À peine débarqués, Bernard m’emmena au pied d’une falaise argileuse, face à la mer. Nous y avons creusé deux petites cuvettes, afin d’y recueillir, de jour en jour, l’eau suintant de l’argile : ce serait ma seule source d’eau douce, bien qu’argileuse et rendue saumâtre par les embruns. Une fois creusées les deux cuvettes, Bernard me souhaita une bonne semaine et repartit vers la plage d’Arila, à quelques kilomètres de l’île.
Nous étions au milieu de l’été et l’ombre mince qu’offraient les cyprès autour de la chapelle démarquait le seul lieu où je pouvais me tenir, le soleil du matin jusqu’au soir frappant tout le reste de l’île. Il me fallait, selon la course du soleil, tourner régulièrement autour du cyprès choisi, au long de la journée. La nuit, je dormais sur un lit que je m’étais fait de varech ramassé sur les rochers au bord de l’eau.
Les trois premières nuits, je ne dormis pas. Dès le soleil couché, de trous innombrables sortaient des rats par dizaines. Ils avaient presque l’apparence de lapins, hormis leurs oreilles courtes, leur nez pointu et leurs longues queues.
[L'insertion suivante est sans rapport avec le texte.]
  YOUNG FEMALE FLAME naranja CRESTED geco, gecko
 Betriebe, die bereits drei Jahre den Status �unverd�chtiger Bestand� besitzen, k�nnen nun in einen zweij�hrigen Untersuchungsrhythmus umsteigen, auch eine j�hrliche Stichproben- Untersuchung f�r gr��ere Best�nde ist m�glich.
Comme, la nuit venue, je m’étendais sur mon lit de varech, une joyeuse sarabande commençait, qui se poursuivait durant toute la nuit : les rats profitaient au mieux de l’aubaine que j’étais, tombé comme un cheveu bienvenu dans leur soupe monotone. Ils se pourchassaient sur moi, risquaient leur nez dans mes oreilles, mes narines, ma bouche si je ne la tenais pas fermée. Trois nuits durant, les rats m’ôtèrent tout espoir de sommeil, mais dès la quatrième nuit, et toutes les nuits suivantes, je dormis très bien. Non seulement je m’étais habitué aux rats, mais j’appréciais leur compagnie. Jamais je n’eus affaire à leurs dents.
Au bout d’une semaine, le jour où Bernard devait venir me rechercher, un fort vent était levé, rendant la mer impraticable. On m’avait prévenu de ce vent au début de mon séjour à Corfou : il souffle durant trois, six ou neuf jours, sans interruption. J’eus droit au vent de neuf jours. Les trois livres étaient lus, et bus les trois litres d’ouzo, le riz et les oignons mangés. Me restaient deux petites cuvettes d’eau douce mais affreusement saumâtre, du papier et des stylos.
Sous le vent constant, le visage de Lise m’accompagna durant neuf jours. Je réécrivis trois fois le monologue, évitant à chaque version de relire la précédente. Je réécrivis trois fois le monologue sous le vent constant, adossé le plus souvent au mur de la chapelle orthodoxe dans laquelle, athée convaincu, j’avais juré de ne jamais entrer, malgré les intempéries. Au vent, par moments, se joignait la pluie. J’abritais alors mes feuilles de papier sous le varech de mon lit.
Quand enfin Bernard put venir me rechercher, je relus les trois versions du monologue, emmenai la première avec moi et brûlai les deux autres devant le mur de la chapelle où je les avais écrites. J’étais alors loin de deviner que six ans plus tard, dans l’été 1982, je recevrais dans une église russe de la rue Lecourbe, à Paris, le baptême de l’Église orthodoxe.